Look below for the line that contains "в Москве Торговля" and the line that contains "Simple Office Chairs", then restate both of them and every line in between, exactly. No picture goes in the copy.
%%
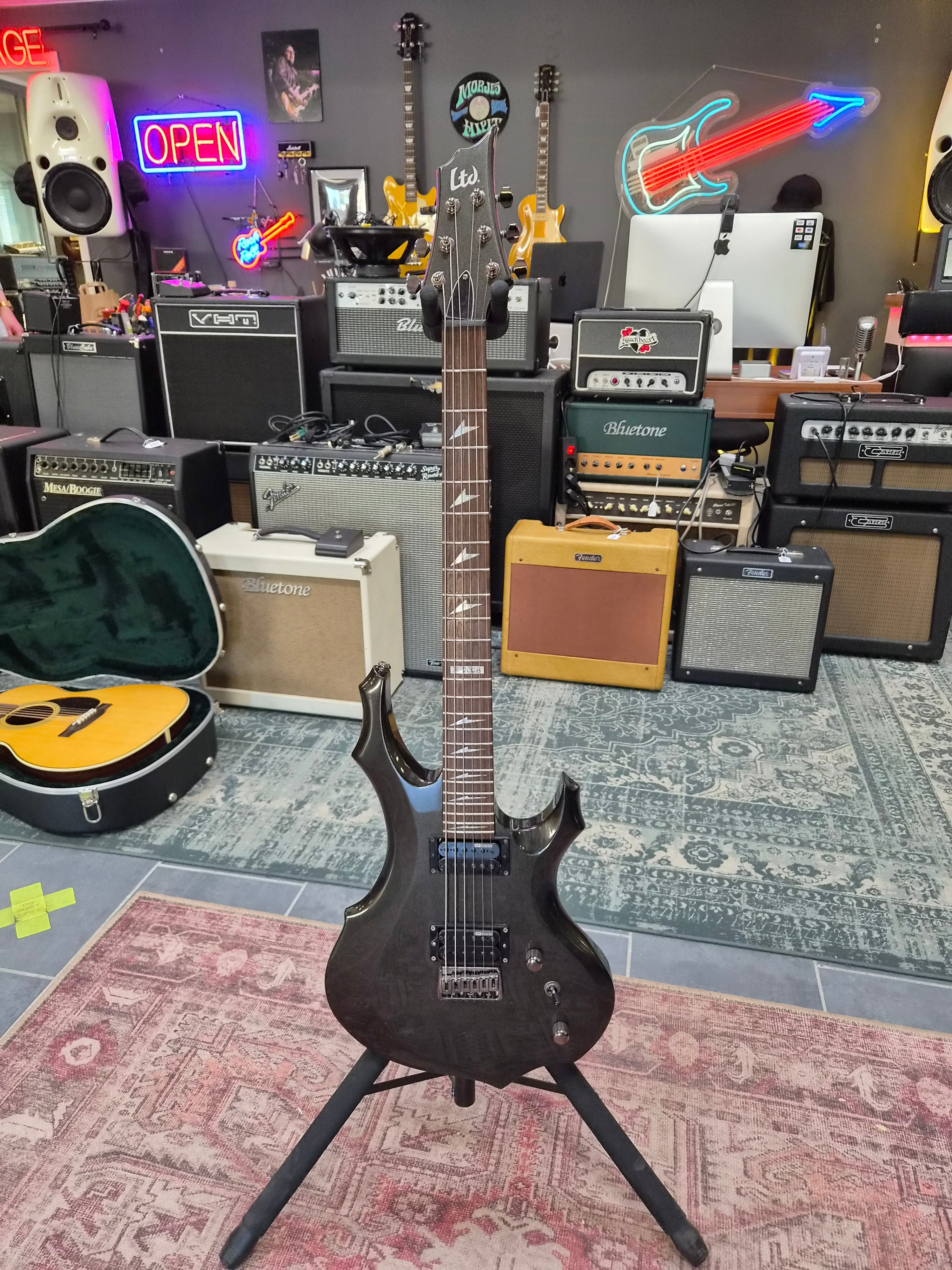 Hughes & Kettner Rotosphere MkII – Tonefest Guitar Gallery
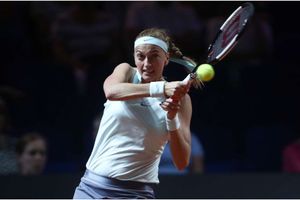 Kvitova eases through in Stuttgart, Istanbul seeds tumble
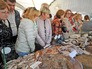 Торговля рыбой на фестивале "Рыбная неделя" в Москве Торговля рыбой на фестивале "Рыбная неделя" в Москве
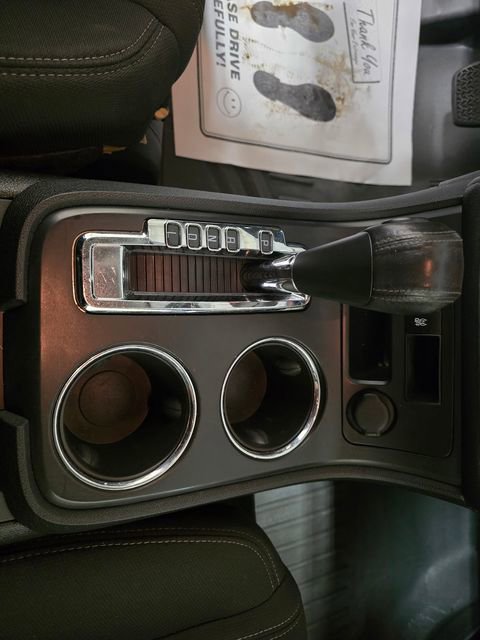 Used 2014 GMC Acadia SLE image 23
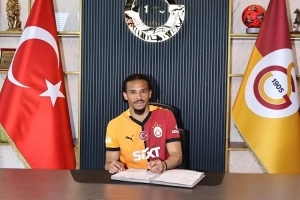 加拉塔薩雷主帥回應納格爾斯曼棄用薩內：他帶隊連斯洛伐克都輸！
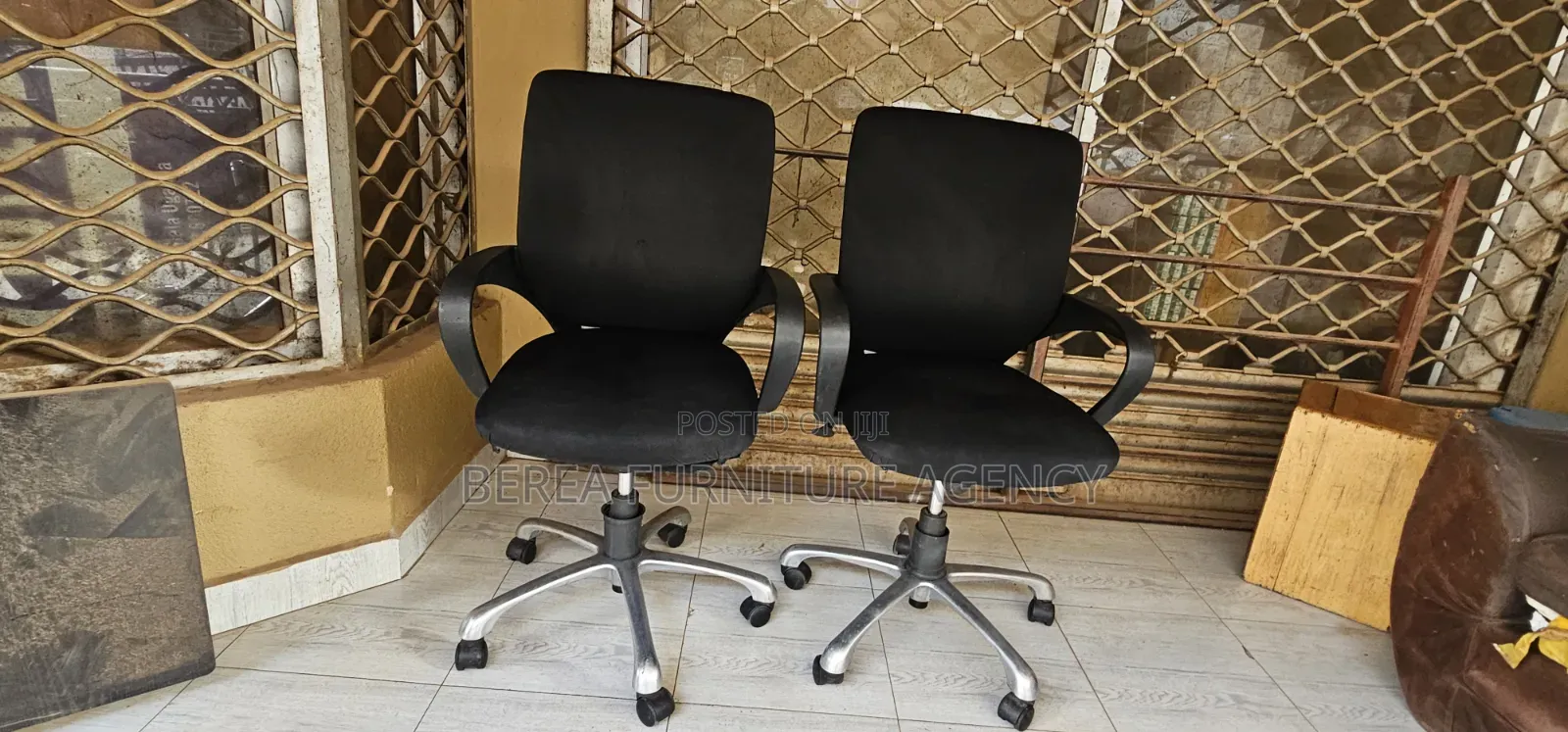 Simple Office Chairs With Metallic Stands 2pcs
%%
%%
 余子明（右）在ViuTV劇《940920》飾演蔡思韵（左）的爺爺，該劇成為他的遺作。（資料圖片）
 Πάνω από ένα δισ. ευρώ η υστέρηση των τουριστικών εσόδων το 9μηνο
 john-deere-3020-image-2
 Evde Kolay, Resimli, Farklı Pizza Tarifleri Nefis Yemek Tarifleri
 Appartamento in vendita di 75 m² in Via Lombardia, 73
%%
EXERCISE OUTPUT:
 Торговля рыбой на фестивале "Рыбная неделя" в Москве Торговля рыбой на фестивале "Рыбная неделя" в Москве
 Used 2014 GMC Acadia SLE image 23
 加拉塔薩雷主帥回應納格爾斯曼棄用薩內：他帶隊連斯洛伐克都輸！
 Simple Office Chairs With Metallic Stands 2pcs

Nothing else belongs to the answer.